Tony Effe non prenderà parte al concertone di Capodanno organizzato al Circo Massimo di Roma il prossimo 31 dicembre: il motivo, in breve, è che i suoi testi sono stati considerati troppo controversi e dunque l'invito a cantare sul palco insieme a Mara Sattei e a Mahmood è stato ritirato. Nonostante il rapper sia uno degli artisti più ascoltati del 2024 e prossimo, tra le altre cose, a salire sul palco dell'Ariston per partecipare a Sanremo 2025, il suo nome è finito al centro di una bufera non solo mediatica ma soprattutto politica che alla fine si è risolta con il ritiro dell'invito da parte del sindaco di Roma Roberto Gualtieri. Non per censura, come ha specificato il primo cittadino, ma per rispondere alle accorate richieste di diverse istituzioni, tra cui diverse associazioni contro la violenza sulle donne (in particolare Dire-Donna). Nel pieno di questa tempesta anche Giulia De Lellis, vicina a Tony Effe ormai da diversi mesi, ha detto la sua: in una serie di storie ha ribadito che invece «la musica, come tutta l’arte, si discute. Non si censura».
In un'altra storia l'influencer ha aggiunto un altro verso a supporto del fidanzato: «E qualcosa non va, qualcosa manca in chi vuol far tacere uno che canta», ha scritto, riportando una citazione tratta da una poesia di Robert Frost che parla di un uccellino cui viene impedito di cantare.

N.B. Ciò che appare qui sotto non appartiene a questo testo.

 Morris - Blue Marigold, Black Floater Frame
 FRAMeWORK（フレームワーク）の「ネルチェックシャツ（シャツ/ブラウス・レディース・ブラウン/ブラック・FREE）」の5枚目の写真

La polemica però non si è spenta. E, anzi, rischia di toccare anche la partecipazione di Tony Effe a Sanremo
Neanche l'accorato appello di Giulia De Lellis a rivedere la posizione del suo ragazzo è servita a ristabilire l'ordine ma, anzi, ha se possibile rinfocolato la controversia. Perché Tony Effe, dicono gli enti e le istituzioni che si sono scagliati contro di lui in vista del concerto di Capodanno, sarà anche il volto del prossimo Sanremo, e chissà sul palco dell'Ariston che canzone e che versi avrà portato. Carlo Conti ha anticipato che nel suo Festival ci sarà più pop e meno rap, lasciando intendere tra le righe che non ci sarà spazio per testi violenti, misogini e per dissing tra artisti. Per molti, escludere a priori Tony Effe dalla lista dei Big di Sanremo 2025, sarebbe un vero e proprio atto di censura preventiva: non è ancora dato sapere come andrà, ma lo scenario che si prospetta davanti al rapper da qui a febbraio non sembra dei più rosei.